The report by the majority staff of the House Oversight and Government Reform domestic policy panel, released Tuesday, concluded that at least 28,283 disabled retirees were denied retroactive pay awards because rushed efforts to clear a huge backlog of claims led program administrators to stop doing quality assurance checks on the claims decisions.

And of the original 133,057 potentially eligible veterans, 8,763 died before their cases could be reviewed for retroactive payments, according to the report.[...]

Under the programs, many disabled veterans also became eligible for a single retroactive payment due to changes in their disability status.

As of September 2006, the Defense Finance and Accounting Service determined that 133,057 veterans potentially were eligible for these so-called “VA Retro” payments. Over time, another 84,237 newly retired and other veterans were added to the list.

Yet as of March 1, more than 60,000 eligible veterans were still waiting for reviews of their cases under the two programs.

The claims processing shortfall was raised during a February defense budget hearing; Pentagon Comptroller Tina Jonas told the Senate Budget Committee that she had recently asked Zack Gaddy, the director of the Defense Finance and Accounting Service, to triple the number of people working on the backlog.

In February, the backlog was said to be “more than 39,000” cases. Jonas said she had been assured that the backlog would be cleared by April.

That did not happen, according to the subcommittee report, because Lockheed Martin, the contractor hired in July 2006 to compute the complex retroactive pay awards, had difficulty making the computations fast enough to eliminate the backlog quickly. The complexity of the computations also hindered Lockheed Martin’s ability to develop software to automate the process.

Two other factors played a role: The required databases did not exist, and the Department of Veterans Affairs and the military services “were slow to put the data in the necessary form for automation.”

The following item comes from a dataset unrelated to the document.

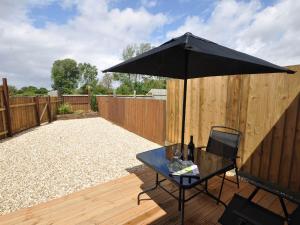 un ombrello nero seduto su un patio con tavolo di 1 Bed in Burnham-on-Sea ALHSL a Highbridge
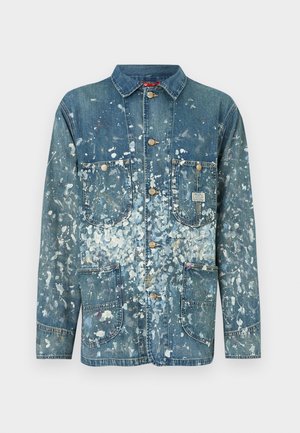 Világoskék árnyalatú farmerdzseki festékspricc mintákkal, hegyes gallérral, két első zsebbel és arany gombokkal.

As a result, Lockheed Martin was forced to compute the cases manually. It did so, and with just under half the number of workers the government had previously used for the work — a relic of the original contract proposal, according to the report.

So they had to do it manually and with half the workers that DFAS used... But wait, fear not, it gets even better(worse?)...

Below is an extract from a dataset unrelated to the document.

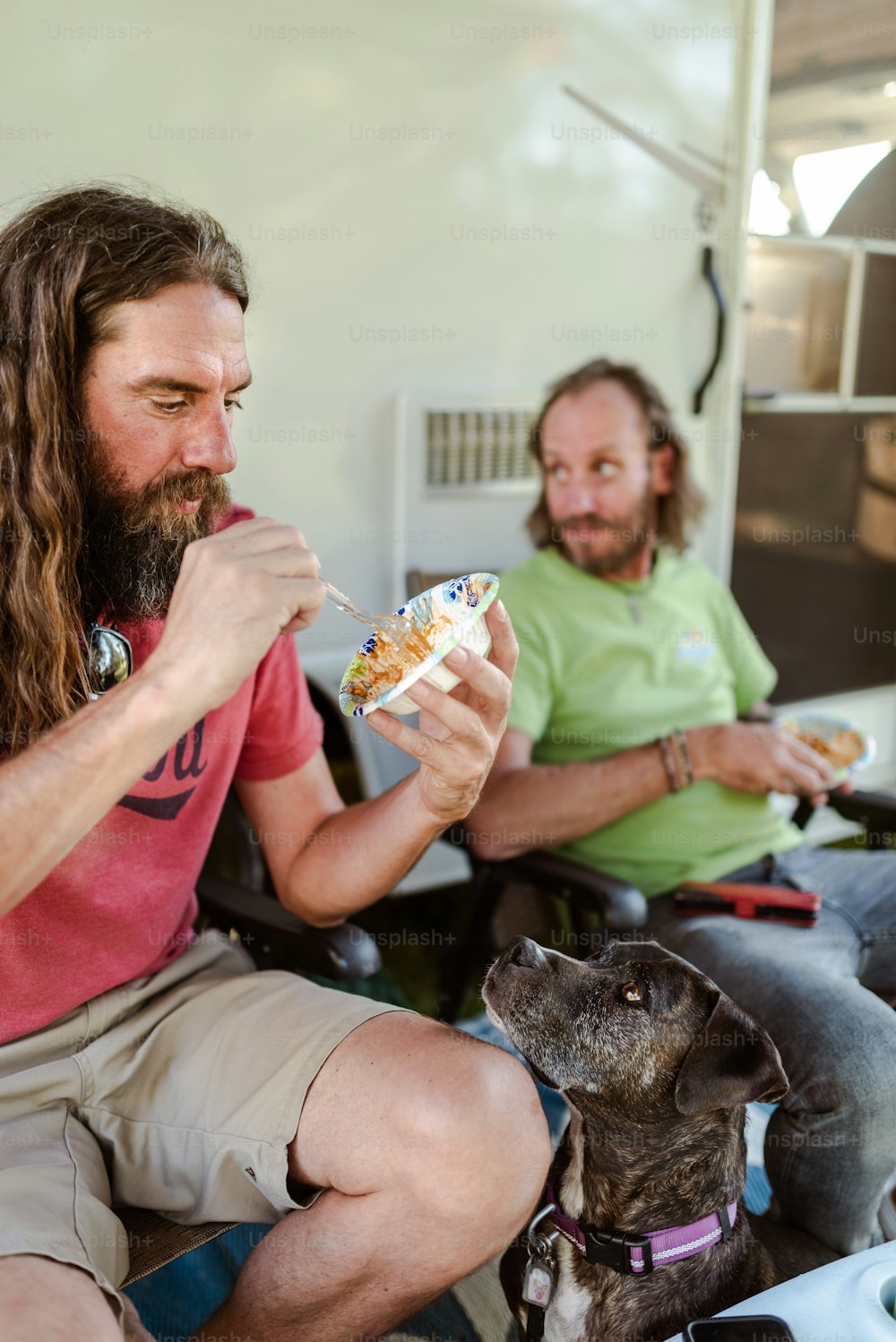 a man with long hair and a beard eating food next to a dog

Lockheed Martin missed its original November 2007 deadline and every succeeding one, the report stated. The committee said Gaddy personally monitored the program and “frequently complained to Lockheed about low productivity and the high number of errors DFAS quality control auditors were detecting.”

Gaddy also expressed concern that the delays were damaging the reputation of DFAS.

To ease congressional concerns and speed up the review process, DFAS chose several “questionable approaches” — assigning federal workers to duties covered by the contract with Lockheed Martin, and suspending independent quality checks on Lockheed’s calculations.

After those measures went into effect on March 1, up to 60,051 payments were made to eligible veterans. But the subcommittee concluded that “serious questions” remain about the accuracy of these payments.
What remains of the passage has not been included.